1 Introduction

Computer vision detection is playing a more and more important role in whether production or daily life. In this case, it’s of imperative to estimate the density distribution of poultry in the breeding area so that makes it possible to analyze the growth of poultry. Object detection and crowd counting are two of the most relevant research directions. The method is supposed to be specialized while its requirements are also different from the ordinary detection since density counting in the chicken house is distinctive. Lack of detection of the results is not of particular concern, but the overall distribution of the flock is the focus. Specialists can infer the status of the chickens through changes in the distribution of the flock. We find in the image that it is restricted by the situation of uncertain-view, uncertain-brightness, and position-indeterminate. Usually, some chickens are incomplete within the camera lens range. Moreover, images sometimes need to be split and processed separately because of image resolution and interfering objects. It may split one chicken into two or three parts such as Fig. 1. So most of the previous methods mentioned e.g. object detection does not take it into account. To effectively achieve the goal, a certain number of pictures were collected and analyzed, including daytime and night illumination. While the clarity of the images obtained is limited by the environment inside the chicken house. At the same time, it is hard to point out the head of the chicken so accurate such as crowd counting dataset. Considering that the aim of the task is not the location of a particular target, but the aggregation of the entire flock, we transfer the problem into a pixel-level problem, i.e. discriminate all pixels in the image into two classes, chicken or not. After that, we try to get the result density map by some other operations.

The paper is organized as follows. Section 2 discusses the related work.
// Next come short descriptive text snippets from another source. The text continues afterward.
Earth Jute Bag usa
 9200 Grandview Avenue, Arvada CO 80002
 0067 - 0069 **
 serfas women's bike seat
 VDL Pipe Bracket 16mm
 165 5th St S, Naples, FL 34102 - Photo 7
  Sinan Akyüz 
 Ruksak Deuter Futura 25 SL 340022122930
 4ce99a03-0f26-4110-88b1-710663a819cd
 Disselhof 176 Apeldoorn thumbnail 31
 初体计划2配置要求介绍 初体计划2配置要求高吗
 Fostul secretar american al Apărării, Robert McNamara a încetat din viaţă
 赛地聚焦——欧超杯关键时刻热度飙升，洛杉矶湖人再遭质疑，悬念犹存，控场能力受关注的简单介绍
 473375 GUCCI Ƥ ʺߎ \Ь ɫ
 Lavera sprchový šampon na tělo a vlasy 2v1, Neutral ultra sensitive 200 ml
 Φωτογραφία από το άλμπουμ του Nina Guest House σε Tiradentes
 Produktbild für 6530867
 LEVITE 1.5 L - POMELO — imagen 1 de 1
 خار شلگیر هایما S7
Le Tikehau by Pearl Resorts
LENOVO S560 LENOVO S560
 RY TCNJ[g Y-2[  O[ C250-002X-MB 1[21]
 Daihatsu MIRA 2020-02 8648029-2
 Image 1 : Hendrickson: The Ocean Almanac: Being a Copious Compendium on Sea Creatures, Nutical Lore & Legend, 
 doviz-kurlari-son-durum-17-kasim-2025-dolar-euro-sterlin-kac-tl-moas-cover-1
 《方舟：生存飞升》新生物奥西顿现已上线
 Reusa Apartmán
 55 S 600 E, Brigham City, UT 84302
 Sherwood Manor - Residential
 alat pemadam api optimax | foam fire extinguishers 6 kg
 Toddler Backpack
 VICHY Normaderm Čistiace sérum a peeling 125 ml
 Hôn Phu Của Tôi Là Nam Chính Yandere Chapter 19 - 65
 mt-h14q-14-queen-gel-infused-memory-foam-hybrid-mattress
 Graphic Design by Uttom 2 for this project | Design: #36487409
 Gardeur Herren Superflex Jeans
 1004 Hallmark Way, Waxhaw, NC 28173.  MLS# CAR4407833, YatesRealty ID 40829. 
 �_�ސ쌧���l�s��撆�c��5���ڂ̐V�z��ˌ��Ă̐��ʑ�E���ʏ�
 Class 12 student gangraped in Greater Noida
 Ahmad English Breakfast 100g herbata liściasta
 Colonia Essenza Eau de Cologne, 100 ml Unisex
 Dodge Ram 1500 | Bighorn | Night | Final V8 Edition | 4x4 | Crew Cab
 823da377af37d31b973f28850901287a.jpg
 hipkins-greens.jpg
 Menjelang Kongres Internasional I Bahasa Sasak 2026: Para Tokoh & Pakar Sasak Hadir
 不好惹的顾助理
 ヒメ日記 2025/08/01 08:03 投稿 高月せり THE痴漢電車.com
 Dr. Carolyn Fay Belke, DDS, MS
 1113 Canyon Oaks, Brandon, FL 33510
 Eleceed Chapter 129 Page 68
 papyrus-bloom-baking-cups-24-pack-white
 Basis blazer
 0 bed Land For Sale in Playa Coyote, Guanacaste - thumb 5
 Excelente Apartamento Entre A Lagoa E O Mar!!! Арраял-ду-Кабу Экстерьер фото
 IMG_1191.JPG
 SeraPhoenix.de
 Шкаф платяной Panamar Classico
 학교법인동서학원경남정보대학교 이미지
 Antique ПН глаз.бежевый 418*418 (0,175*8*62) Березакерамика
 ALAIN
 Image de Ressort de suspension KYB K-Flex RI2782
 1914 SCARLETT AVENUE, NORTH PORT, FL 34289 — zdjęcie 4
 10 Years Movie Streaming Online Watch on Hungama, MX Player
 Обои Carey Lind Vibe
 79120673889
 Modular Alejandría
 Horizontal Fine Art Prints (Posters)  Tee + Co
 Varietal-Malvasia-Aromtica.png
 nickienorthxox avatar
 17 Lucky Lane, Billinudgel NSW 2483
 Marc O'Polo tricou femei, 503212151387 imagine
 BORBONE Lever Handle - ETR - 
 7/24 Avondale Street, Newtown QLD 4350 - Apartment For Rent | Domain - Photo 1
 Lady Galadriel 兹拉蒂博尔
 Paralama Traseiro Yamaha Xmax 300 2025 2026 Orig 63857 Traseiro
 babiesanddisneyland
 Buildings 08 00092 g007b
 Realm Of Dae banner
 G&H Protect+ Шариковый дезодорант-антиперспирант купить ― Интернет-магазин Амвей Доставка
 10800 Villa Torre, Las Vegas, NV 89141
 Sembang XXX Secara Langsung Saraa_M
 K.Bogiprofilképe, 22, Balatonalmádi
Section 3 shows the proposed technical approach followed with a description of dataset used in this paper in Sect. 4. Experiments are presented in Sects. 5 and 6 concludes this paper.

Fig. 1.
figure 1

As shown in the figure, some chickens are divided into multiple parts when one image is split, and the same situation exists at the edge of the image.

2 Related Work

Active learning is a good way to reduce the cost of manual labeling. [1] proposed a novel bidirectional active learning algorithm that explores into both unlabeled and labeled data sets simultaneously in a two-way process. [2] aimed to address the issues and develop a novel framework for effective and efficient model learning. [3] took this idea to video detection and proposed a novel weakly supervised framework. [5] used active learning to select the most informative patents for labeling.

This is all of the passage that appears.